Exercise
For this exercise, copy exactly the lines below from the one with "Charming entryway with" through the one with "ホワイト系のサンダル、ベージ" and leave out the pictures.

Data for review
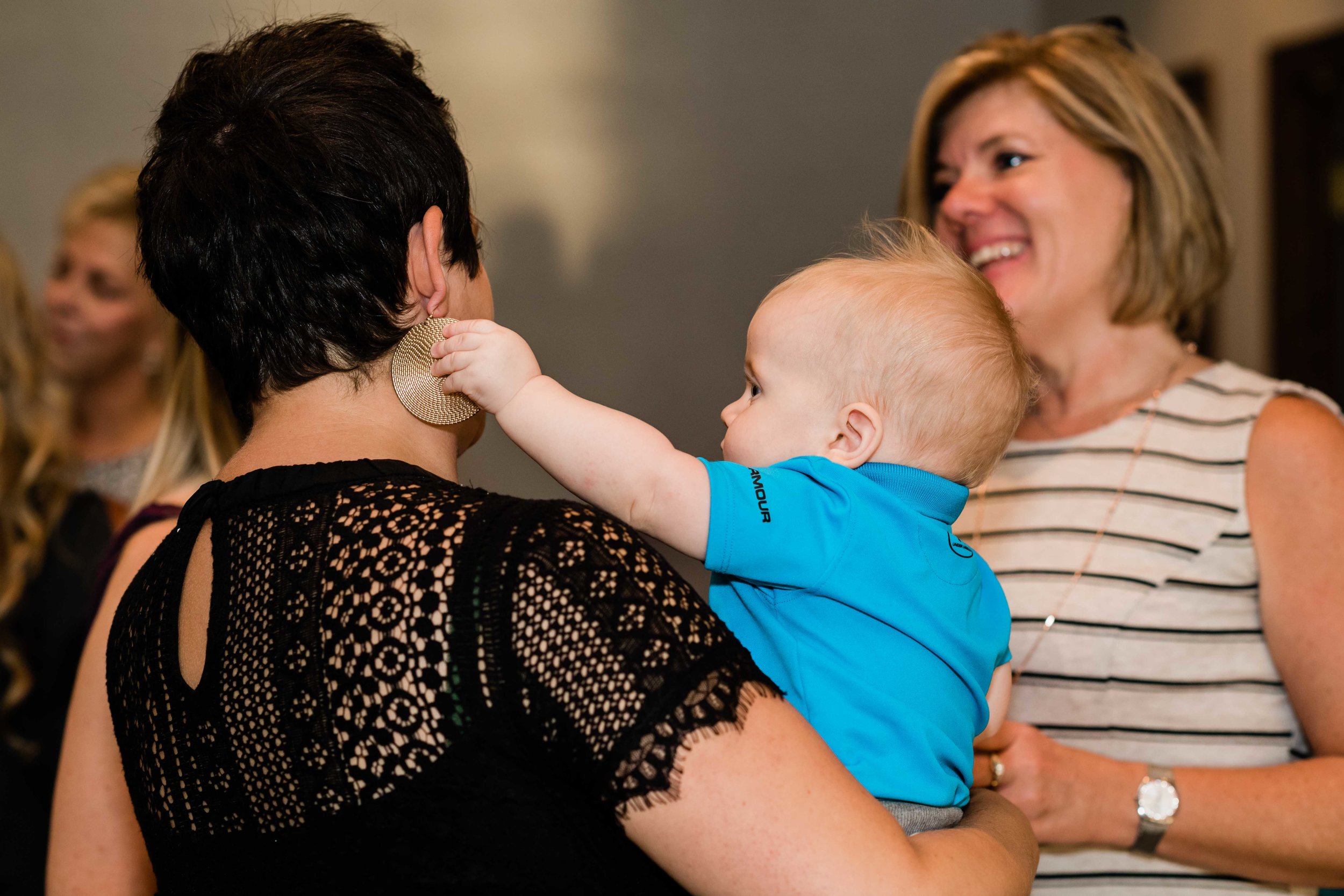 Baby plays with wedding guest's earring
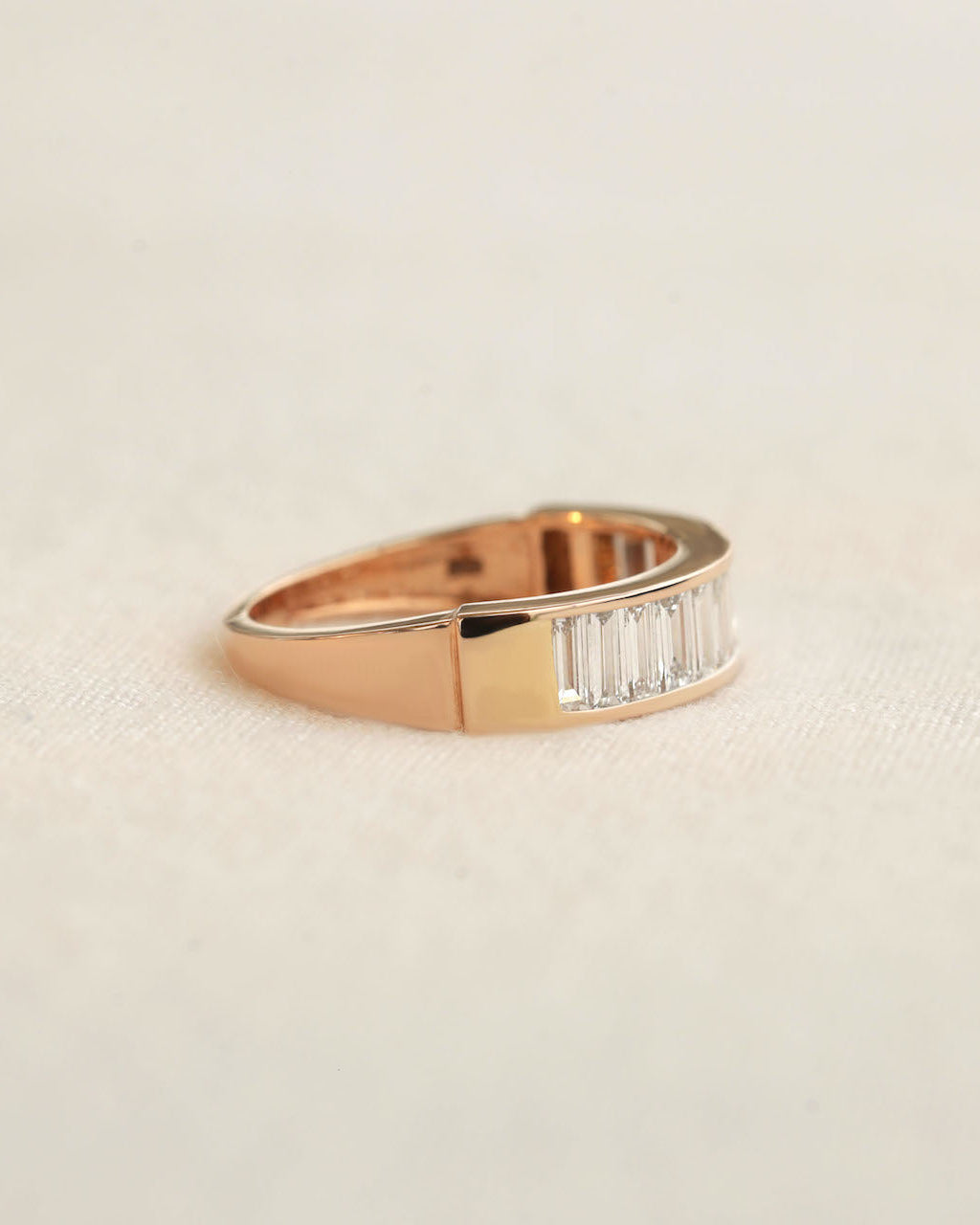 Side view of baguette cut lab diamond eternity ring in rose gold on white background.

...

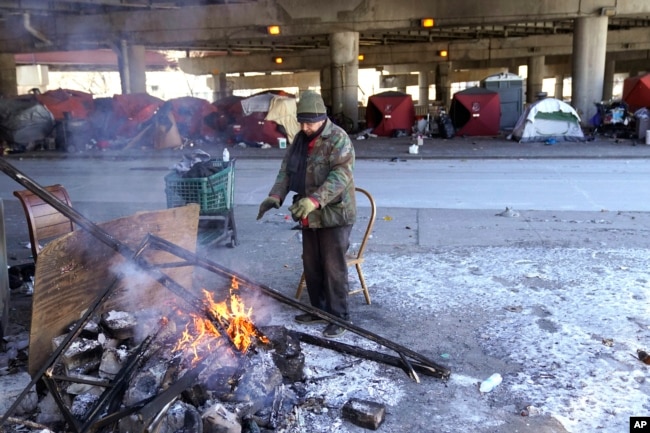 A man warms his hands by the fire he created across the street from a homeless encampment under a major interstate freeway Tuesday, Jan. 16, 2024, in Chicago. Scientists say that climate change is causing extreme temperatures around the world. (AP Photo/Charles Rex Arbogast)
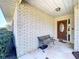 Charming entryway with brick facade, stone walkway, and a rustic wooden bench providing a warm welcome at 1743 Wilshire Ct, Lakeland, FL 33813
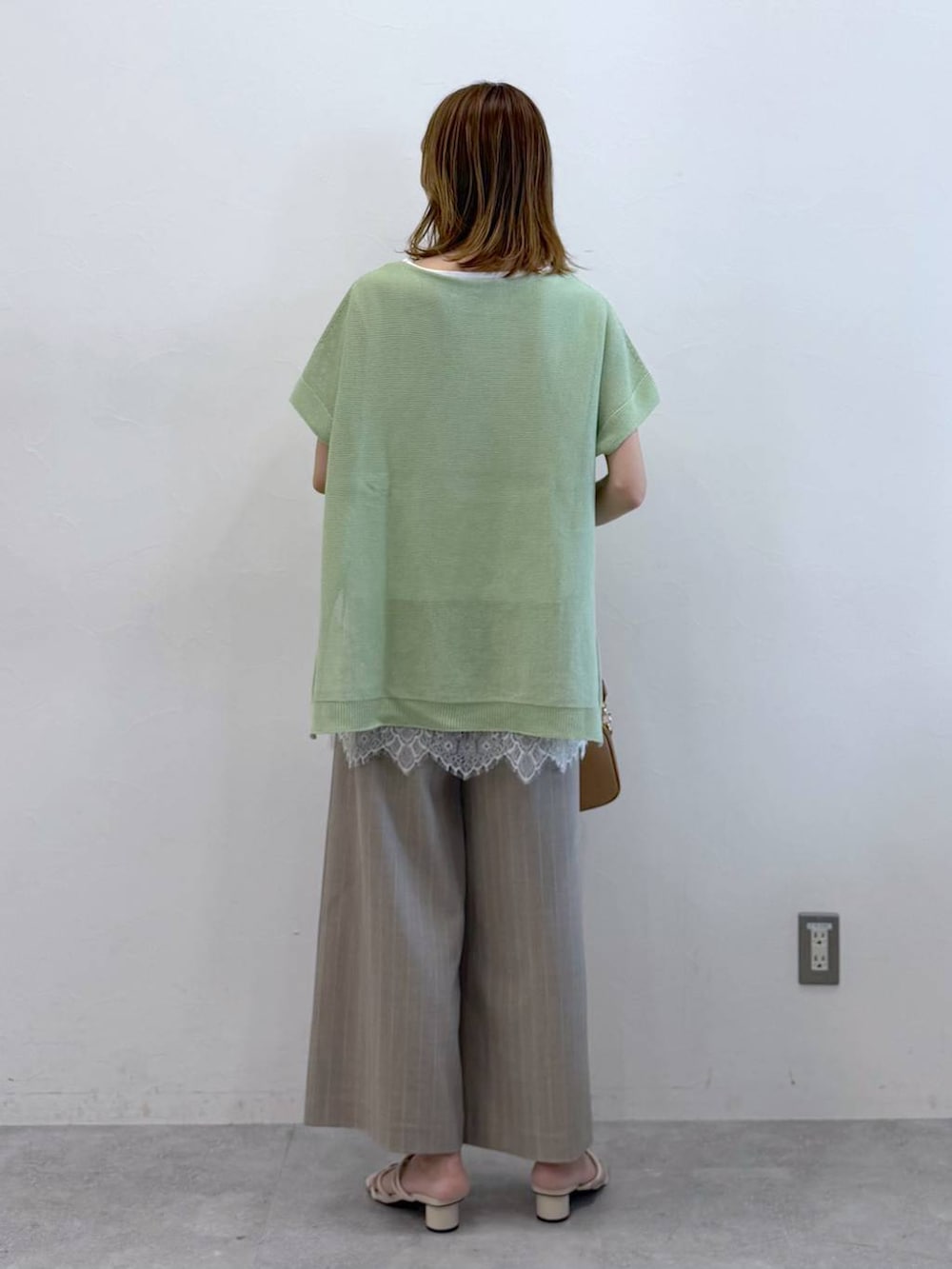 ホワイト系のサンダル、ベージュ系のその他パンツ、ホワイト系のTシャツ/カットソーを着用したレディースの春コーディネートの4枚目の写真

...

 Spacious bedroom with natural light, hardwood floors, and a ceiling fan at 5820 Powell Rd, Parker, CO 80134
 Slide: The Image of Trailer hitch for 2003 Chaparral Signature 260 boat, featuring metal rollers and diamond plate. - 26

Result
 Charming entryway with brick facade, stone walkway, and a rustic wooden bench providing a warm welcome at 1743 Wilshire Ct, Lakeland, FL 33813
 ホワイト系のサンダル、ベージュ系のその他パンツ、ホワイト系のTシャツ/カットソーを着用したレディースの春コーディネートの4枚目の写真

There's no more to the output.